PROBLEM REQUIREMENTS
With the line containing "Idle Bugs thumbnail 6" as the start and the line containing "Тадич 19-20 home" as the end, transcribe that span of the entries below exactly, including both.

Items from a data source
··········

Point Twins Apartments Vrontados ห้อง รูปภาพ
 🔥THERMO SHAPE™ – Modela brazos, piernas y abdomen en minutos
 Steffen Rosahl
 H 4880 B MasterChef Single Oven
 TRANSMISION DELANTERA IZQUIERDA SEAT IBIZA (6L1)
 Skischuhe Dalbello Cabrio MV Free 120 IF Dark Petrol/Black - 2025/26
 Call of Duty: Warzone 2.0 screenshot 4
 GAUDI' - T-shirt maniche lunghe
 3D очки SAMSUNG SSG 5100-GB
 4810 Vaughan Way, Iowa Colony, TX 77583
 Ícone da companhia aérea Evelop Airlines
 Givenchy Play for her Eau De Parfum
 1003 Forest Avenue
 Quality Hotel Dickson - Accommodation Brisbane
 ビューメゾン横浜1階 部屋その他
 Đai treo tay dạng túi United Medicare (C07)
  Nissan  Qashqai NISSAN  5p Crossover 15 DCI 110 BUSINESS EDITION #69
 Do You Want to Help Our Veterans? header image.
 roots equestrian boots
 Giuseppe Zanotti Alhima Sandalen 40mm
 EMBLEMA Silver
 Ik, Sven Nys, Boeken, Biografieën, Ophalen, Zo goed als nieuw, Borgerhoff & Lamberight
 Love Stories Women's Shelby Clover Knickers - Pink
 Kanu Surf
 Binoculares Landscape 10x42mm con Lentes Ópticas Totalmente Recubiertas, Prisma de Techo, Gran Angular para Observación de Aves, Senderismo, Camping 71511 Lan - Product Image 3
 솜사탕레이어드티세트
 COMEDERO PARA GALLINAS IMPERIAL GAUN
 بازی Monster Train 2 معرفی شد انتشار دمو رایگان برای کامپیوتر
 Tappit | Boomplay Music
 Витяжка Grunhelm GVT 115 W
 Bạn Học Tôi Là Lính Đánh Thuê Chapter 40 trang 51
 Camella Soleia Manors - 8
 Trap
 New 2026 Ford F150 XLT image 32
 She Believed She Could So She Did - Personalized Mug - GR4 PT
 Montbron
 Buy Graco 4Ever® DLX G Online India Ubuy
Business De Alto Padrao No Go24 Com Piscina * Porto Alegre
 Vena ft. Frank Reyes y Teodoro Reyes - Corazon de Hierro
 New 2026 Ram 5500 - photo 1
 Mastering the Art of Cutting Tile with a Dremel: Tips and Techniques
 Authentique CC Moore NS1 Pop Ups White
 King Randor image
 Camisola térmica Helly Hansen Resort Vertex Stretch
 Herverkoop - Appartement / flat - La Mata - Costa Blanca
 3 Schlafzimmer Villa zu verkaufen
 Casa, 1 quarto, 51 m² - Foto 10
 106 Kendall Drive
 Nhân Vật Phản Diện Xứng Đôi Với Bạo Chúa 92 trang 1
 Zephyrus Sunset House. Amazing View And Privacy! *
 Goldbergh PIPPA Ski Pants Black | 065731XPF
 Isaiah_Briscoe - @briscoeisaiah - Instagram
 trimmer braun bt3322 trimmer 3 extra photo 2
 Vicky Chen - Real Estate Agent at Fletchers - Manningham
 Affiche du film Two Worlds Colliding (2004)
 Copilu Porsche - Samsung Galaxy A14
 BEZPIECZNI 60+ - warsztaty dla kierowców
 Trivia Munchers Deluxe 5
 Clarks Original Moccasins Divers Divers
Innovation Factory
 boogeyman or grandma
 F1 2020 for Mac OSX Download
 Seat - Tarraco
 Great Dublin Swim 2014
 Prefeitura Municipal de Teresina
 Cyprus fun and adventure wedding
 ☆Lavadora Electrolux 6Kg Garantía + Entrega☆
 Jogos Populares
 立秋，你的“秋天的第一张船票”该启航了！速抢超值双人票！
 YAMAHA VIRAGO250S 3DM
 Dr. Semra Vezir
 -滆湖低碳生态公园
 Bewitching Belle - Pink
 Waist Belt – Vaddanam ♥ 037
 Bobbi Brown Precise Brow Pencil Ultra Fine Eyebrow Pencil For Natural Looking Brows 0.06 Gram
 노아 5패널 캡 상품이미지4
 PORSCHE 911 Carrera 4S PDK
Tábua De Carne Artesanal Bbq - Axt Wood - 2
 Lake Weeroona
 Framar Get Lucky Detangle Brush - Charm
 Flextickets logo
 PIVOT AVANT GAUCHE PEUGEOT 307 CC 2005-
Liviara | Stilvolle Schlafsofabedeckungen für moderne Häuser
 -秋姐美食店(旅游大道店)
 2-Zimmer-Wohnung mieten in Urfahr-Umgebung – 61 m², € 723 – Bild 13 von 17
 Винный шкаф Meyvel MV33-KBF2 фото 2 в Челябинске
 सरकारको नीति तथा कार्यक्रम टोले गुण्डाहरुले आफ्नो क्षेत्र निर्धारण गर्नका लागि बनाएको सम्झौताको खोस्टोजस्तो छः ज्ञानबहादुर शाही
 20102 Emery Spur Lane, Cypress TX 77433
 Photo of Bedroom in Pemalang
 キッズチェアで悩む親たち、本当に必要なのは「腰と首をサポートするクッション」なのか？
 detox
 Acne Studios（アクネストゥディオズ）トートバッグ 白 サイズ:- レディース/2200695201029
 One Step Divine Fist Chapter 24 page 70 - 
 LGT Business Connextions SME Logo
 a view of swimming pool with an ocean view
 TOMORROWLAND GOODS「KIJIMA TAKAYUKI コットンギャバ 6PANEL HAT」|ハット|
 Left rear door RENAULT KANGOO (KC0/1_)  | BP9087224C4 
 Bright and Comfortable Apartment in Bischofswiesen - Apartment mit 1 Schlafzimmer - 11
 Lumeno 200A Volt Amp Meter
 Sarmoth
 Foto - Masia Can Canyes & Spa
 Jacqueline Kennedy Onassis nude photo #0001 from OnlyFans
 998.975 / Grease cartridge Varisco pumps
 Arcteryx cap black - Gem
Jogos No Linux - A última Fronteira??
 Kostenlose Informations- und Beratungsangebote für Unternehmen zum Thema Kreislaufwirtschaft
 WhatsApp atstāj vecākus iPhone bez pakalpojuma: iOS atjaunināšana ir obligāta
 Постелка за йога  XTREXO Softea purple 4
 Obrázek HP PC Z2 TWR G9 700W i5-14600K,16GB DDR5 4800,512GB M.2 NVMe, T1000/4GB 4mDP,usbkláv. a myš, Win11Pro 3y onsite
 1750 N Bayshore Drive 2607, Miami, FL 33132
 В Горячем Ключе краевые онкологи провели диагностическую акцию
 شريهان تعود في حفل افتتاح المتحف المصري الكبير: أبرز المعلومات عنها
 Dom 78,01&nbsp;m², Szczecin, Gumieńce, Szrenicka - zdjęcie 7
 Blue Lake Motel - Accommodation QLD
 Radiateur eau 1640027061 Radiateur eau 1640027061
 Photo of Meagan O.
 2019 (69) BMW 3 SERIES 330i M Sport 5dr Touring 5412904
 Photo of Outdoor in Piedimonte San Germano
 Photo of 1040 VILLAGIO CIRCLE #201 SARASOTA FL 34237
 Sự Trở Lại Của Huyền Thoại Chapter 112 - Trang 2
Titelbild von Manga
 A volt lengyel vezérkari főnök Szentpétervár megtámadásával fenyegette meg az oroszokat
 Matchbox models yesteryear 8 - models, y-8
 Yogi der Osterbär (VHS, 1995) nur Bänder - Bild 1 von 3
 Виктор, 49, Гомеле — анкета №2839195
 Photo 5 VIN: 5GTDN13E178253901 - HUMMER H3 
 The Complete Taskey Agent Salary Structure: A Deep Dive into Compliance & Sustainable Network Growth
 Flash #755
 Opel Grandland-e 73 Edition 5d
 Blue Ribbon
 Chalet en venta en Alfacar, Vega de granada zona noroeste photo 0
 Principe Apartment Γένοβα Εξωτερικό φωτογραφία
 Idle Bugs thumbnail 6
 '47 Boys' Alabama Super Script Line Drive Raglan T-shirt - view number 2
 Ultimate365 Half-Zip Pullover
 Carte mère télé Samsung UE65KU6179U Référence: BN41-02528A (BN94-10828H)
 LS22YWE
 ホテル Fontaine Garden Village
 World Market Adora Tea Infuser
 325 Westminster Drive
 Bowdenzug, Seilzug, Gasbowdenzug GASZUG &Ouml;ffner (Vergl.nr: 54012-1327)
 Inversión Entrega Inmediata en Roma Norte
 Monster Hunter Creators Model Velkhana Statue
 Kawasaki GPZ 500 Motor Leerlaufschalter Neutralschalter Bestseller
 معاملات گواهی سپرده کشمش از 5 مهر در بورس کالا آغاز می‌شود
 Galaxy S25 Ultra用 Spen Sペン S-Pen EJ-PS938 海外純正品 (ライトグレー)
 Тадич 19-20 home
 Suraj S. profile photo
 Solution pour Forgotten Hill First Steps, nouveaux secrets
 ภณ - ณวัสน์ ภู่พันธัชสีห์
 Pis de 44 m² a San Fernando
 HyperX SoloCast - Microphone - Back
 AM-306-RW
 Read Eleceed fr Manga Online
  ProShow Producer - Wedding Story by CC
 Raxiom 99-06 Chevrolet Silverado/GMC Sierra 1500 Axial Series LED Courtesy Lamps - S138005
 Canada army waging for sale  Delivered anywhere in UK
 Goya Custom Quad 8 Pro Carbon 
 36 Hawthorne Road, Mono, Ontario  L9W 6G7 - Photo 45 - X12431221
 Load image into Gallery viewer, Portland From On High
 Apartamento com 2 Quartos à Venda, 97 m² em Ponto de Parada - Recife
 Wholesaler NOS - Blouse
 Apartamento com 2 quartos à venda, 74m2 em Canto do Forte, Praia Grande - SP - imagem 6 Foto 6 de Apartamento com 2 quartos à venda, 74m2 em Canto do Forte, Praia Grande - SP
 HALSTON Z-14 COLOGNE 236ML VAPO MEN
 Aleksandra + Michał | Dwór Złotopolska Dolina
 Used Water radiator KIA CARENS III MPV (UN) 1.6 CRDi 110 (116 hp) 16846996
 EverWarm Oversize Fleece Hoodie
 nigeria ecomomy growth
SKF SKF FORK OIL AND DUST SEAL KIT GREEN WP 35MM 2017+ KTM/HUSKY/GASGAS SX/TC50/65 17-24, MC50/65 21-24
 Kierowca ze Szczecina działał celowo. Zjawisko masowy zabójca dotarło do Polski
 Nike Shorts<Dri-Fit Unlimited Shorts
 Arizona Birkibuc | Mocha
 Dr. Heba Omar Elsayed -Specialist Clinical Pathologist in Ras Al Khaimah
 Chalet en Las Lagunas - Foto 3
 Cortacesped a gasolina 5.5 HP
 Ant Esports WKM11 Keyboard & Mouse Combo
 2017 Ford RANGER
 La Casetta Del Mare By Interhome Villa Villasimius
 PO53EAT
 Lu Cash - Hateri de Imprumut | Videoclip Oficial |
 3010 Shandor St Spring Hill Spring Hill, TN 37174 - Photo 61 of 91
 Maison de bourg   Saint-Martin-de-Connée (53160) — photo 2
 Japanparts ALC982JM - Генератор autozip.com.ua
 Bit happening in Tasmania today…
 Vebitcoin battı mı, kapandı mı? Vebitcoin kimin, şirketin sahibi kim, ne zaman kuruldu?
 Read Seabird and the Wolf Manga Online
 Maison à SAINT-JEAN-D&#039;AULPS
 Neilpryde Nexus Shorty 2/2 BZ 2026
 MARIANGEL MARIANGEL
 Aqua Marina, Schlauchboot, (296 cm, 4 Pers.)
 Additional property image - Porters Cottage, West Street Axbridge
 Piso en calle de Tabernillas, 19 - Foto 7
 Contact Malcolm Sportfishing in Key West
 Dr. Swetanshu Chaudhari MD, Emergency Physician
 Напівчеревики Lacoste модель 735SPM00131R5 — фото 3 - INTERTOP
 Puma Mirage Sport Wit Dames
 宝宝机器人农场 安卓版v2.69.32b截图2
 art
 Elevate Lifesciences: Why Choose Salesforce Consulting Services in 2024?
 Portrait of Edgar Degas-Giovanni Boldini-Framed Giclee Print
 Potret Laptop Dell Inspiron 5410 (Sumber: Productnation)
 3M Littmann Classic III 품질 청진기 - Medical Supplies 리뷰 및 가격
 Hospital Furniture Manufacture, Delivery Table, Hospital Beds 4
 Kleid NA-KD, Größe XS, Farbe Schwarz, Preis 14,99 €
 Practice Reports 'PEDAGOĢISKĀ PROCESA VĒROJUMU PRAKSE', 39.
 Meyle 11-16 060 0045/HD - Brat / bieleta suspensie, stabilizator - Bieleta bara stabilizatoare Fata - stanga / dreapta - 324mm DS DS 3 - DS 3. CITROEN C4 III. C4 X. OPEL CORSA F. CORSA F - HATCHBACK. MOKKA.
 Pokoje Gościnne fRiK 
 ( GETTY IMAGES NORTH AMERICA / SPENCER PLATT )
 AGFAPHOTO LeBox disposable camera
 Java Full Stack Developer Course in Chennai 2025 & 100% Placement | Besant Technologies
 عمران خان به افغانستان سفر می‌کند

··········

THE ANSWER
 Idle Bugs thumbnail 6
 '47 Boys' Alabama Super Script Line Drive Raglan T-shirt - view number 2
 Ultimate365 Half-Zip Pullover
 Carte mère télé Samsung UE65KU6179U Référence: BN41-02528A (BN94-10828H)
 LS22YWE
 ホテル Fontaine Garden Village
 World Market Adora Tea Infuser
 325 Westminster Drive
 Bowdenzug, Seilzug, Gasbowdenzug GASZUG &Ouml;ffner (Vergl.nr: 54012-1327)
 Inversión Entrega Inmediata en Roma Norte
 Monster Hunter Creators Model Velkhana Statue
 Kawasaki GPZ 500 Motor Leerlaufschalter Neutralschalter Bestseller
 معاملات گواهی سپرده کشمش از 5 مهر در بورس کالا آغاز می‌شود
 Galaxy S25 Ultra用 Spen Sペン S-Pen EJ-PS938 海外純正品 (ライトグレー)
 Тадич 19-20 home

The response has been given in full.